- [Dataset excerpts]
┌──

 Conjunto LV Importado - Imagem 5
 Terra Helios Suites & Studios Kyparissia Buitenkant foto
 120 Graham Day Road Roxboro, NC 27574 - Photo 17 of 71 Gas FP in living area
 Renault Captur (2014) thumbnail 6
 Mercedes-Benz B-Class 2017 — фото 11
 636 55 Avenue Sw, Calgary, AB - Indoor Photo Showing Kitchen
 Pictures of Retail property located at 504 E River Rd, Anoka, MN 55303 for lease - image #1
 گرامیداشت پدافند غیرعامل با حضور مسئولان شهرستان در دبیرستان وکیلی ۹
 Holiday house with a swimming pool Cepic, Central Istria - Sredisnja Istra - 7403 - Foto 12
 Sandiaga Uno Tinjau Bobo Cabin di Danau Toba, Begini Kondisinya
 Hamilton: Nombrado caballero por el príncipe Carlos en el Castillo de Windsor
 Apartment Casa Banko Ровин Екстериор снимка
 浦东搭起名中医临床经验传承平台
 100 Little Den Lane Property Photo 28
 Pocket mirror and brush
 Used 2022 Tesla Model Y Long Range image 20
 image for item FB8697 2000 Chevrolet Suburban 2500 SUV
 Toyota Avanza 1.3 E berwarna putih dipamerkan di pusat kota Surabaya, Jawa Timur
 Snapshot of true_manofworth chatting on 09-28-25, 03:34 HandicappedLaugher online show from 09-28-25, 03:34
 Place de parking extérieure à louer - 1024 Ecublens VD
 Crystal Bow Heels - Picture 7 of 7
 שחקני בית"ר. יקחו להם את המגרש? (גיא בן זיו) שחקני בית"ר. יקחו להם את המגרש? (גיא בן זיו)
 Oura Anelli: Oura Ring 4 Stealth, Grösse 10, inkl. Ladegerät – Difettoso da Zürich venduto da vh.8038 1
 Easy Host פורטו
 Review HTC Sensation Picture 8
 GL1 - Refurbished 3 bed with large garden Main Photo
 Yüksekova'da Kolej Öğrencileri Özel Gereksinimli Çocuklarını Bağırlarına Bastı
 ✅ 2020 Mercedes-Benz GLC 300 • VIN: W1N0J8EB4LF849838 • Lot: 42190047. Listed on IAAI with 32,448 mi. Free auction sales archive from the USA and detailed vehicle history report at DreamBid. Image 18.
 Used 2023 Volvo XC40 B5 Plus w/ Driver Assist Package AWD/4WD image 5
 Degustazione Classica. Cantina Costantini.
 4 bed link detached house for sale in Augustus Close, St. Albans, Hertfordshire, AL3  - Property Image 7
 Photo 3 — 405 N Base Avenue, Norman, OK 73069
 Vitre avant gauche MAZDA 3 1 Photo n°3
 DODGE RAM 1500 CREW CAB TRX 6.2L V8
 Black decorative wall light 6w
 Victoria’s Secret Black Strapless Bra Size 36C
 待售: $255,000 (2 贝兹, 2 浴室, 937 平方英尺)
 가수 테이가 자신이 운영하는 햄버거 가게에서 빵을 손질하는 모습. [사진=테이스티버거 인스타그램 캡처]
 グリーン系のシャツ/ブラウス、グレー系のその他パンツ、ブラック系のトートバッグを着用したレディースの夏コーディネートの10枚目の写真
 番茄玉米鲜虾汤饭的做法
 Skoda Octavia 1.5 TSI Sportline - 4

└──

- [What the task requires] Copy all lines from the listing that contain "with".

- [Response]
 Holiday house with a swimming pool Cepic, Central Istria - Sredisnja Istra - 7403 - Foto 12
 GL1 - Refurbished 3 bed with large garden Main Photo
 ✅ 2020 Mercedes-Benz GLC 300 • VIN: W1N0J8EB4LF849838 • Lot: 42190047. Listed on IAAI with 32,448 mi. Free auction sales archive from the USA and detailed vehicle history report at DreamBid. Image 18.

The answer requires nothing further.